A qui Emmanuel Macron a-t-il fait un cadeau en supprimant la taxe d’habitation ? Cette baisse d’impôt inédite se voulait une mesure de soutien au pouvoir d’achat. Mais la manne ainsi redistribuée aurait pu être captée par les seuls propriétaires si elle s’était traduite par une hausse équivalente des loyers et des prix immobiliers.
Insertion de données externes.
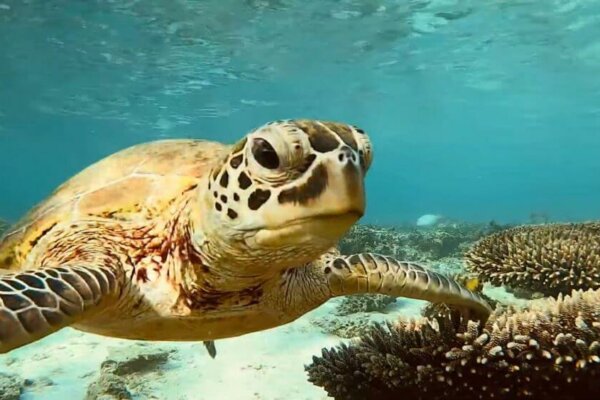 14 Best Places to go Swimming with Turtles in Australia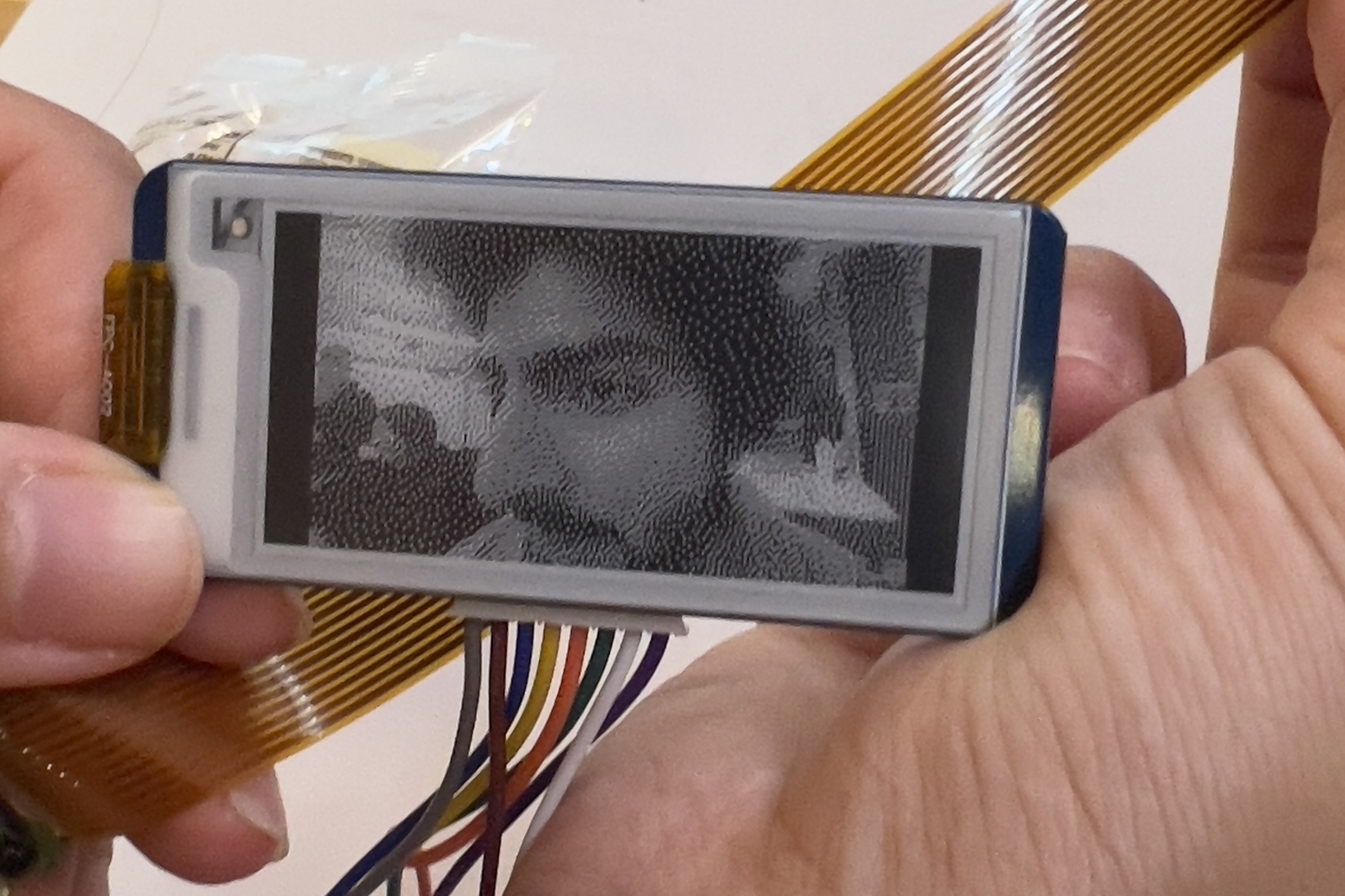 eink camera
Dans le cadre de son récent travail sur la fiscalité immobilière, la Cour des comptes a voulu en avoir le coeur net et demandé à l’Institut des politiques publiques (IPP) de se pencher sur le sujet. Résultat des courses : l’impact est réel, mais modeste. « Une partie, certes limitée, du gain de pouvoir d’achat a été captée par une augmentation des prix immobiliers et des loyers », résume Pierre Moscovici, le premier président de la Cour des comptes.
700 euros de pouvoir d’achat
La question a son importance. La suppression de la taxe d’habitation (TH) est un changement fiscal majeur – à la fois en termes de symbole, puisqu’il s’agit d’un marqueur de la présidence Macron, et en termes de montants. Avant sa disparition progressive (pour 80 % des Français entre 2018 et 2020, puis pour les 20 % restant entre 2021 et 2023), elle était payée par 24 millions de foyers et rapportait quelque 19 milliards d’euros dans les caisses des communes (auxquels l’Etat ajoutait 4 milliards pour compenser les exonérations).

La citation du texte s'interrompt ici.